- [Description of the task] Reproduce the entries that follow precisely, setting aside any images.

- [Task material]
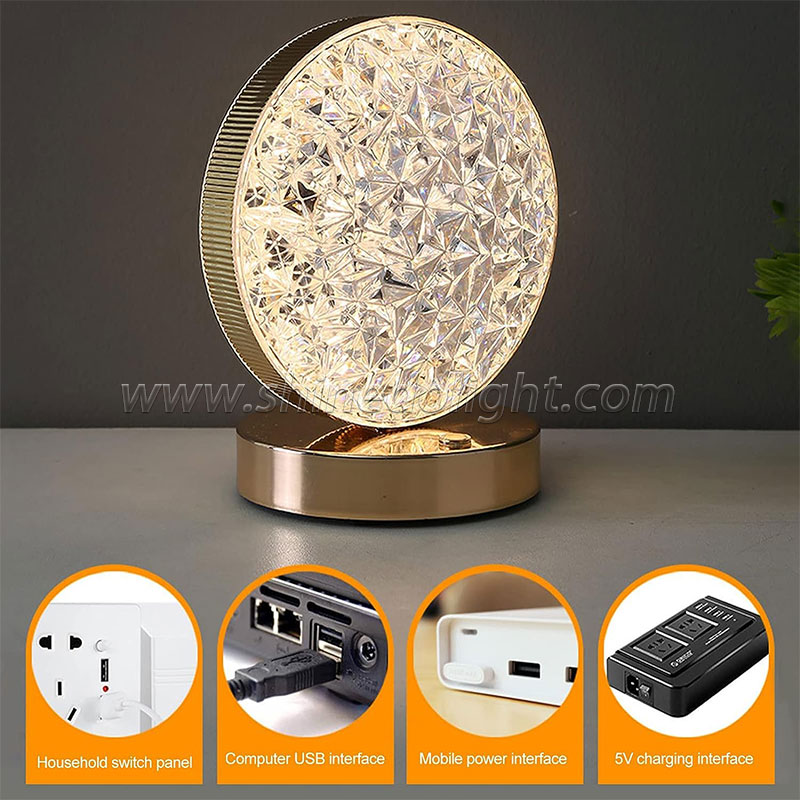 crystal Bedroom Touch Dimming Night Light Girls Room Home Decor USB Bedside LED Table lamp SD-SR448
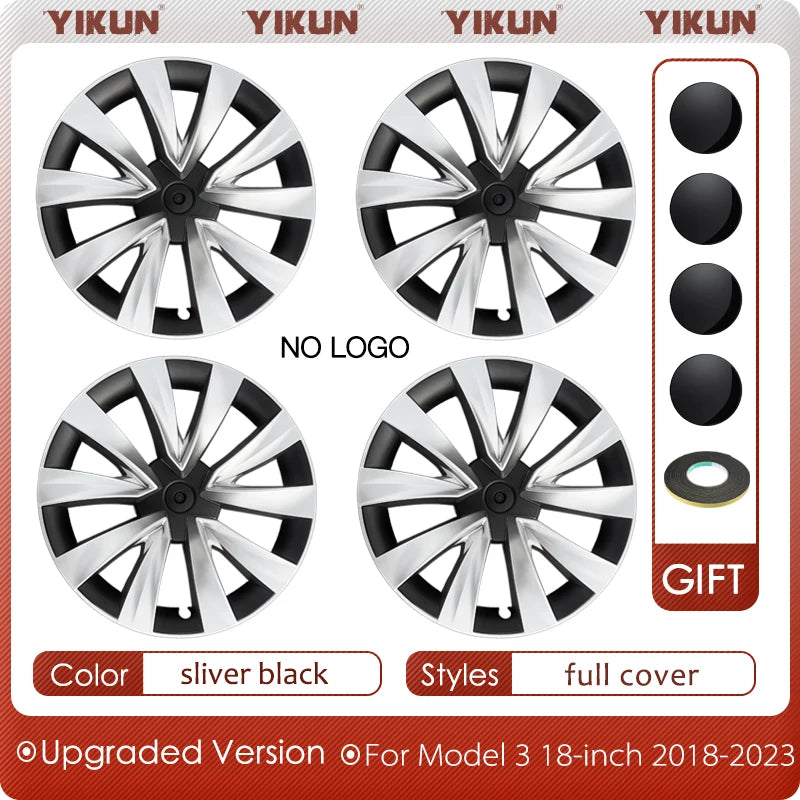 4PCS Tesla Model 3 18 Inch Performance Wheel Hub Caps - Full Rim Cover Accessories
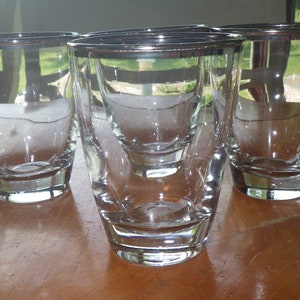 Vintage Libbey Juice Glasses platinum trim 4 6 oz flat weighted bottom glasses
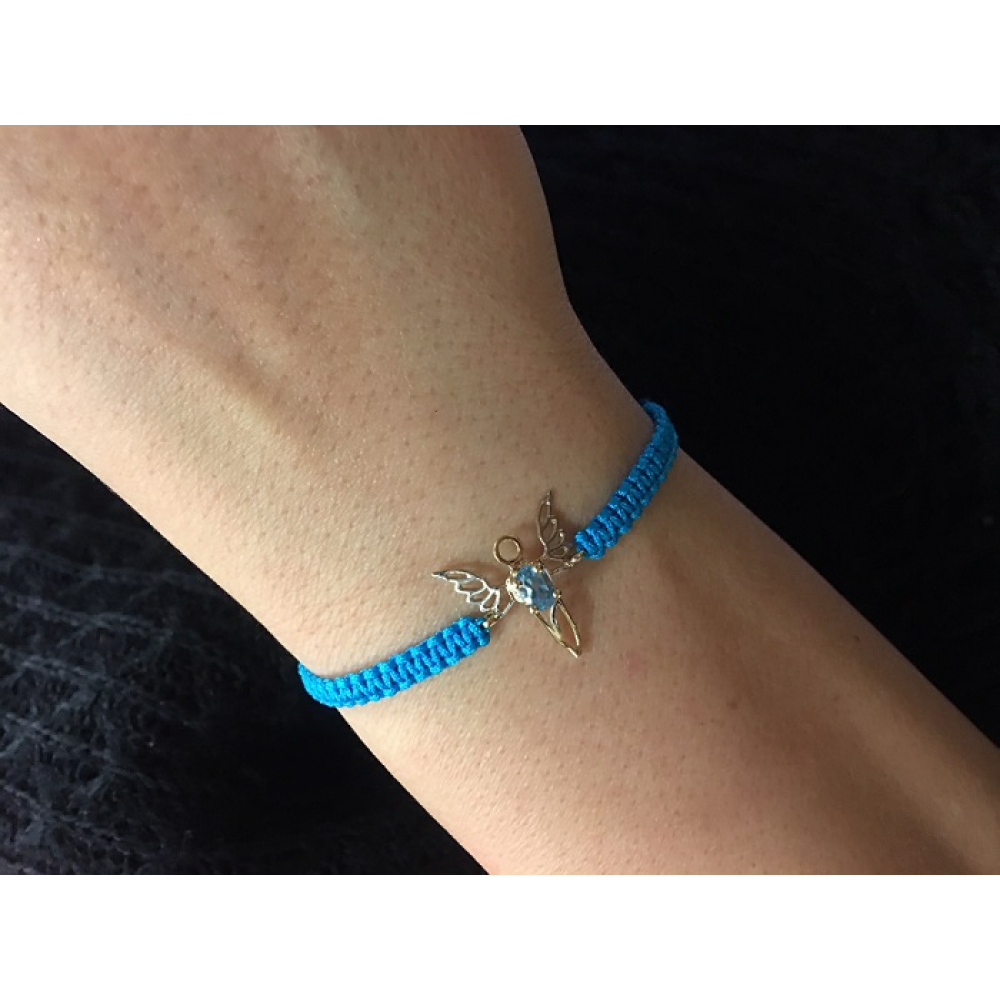 Güç Meleği Mavi Topaz Altın Bileklik (Sandalfon)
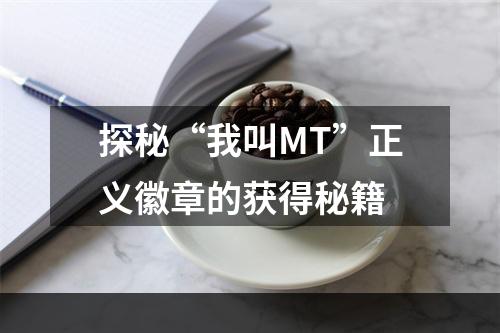 探秘“我叫MT”正义徽章的获得秘籍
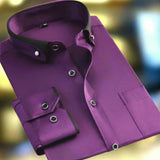 Men's Long Sleeve Contrast Trim Button-Front Shirt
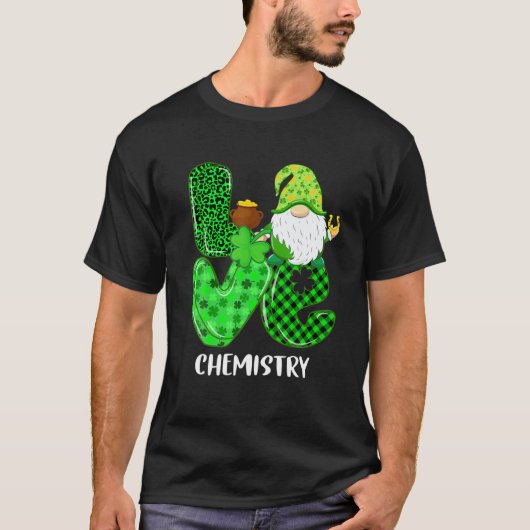 T-shirt Amour drôle Chimie Gnome Jour de la Saint Patrick (Devant)
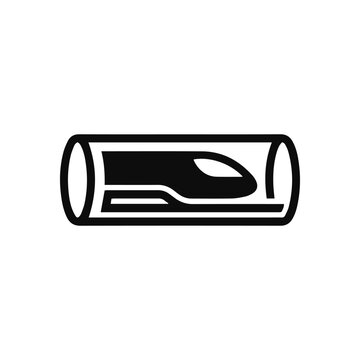 hyperloop train icon featuring a high speed capsule inside a tunnel tube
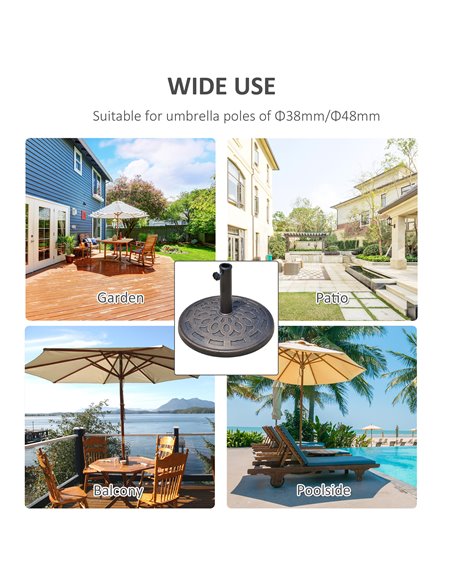 Outsunny 14kg Round Garden Parasol Base Holder Decorative Resin Market Umbrella Stand with Adjustable Coupler, Bronze 01-0898 - pic 47763 | FastDaddyshop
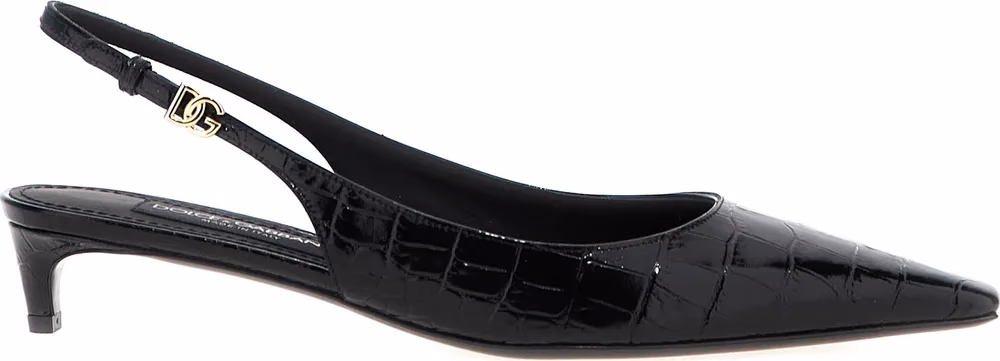 Dolce & Gabbana Black Calfskin Mid Heel Pumps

- [Your response]
 crystal Bedroom Touch Dimming Night Light Girls Room Home Decor USB Bedside LED Table lamp SD-SR448
 4PCS Tesla Model 3 18 Inch Performance Wheel Hub Caps - Full Rim Cover Accessories
 Vintage Libbey Juice Glasses platinum trim 4 6 oz flat weighted bottom glasses
 Güç Meleği Mavi Topaz Altın Bileklik (Sandalfon)
 探秘“我叫MT”正义徽章的获得秘籍
 Men's Long Sleeve Contrast Trim Button-Front Shirt
 T-shirt Amour drôle Chimie Gnome Jour de la Saint Patrick (Devant)
 hyperloop train icon featuring a high speed capsule inside a tunnel tube
 Outsunny 14kg Round Garden Parasol Base Holder Decorative Resin Market Umbrella Stand with Adjustable Coupler, Bronze 01-0898 - pic 47763 | FastDaddyshop
 Dolce & Gabbana Black Calfskin Mid Heel Pumps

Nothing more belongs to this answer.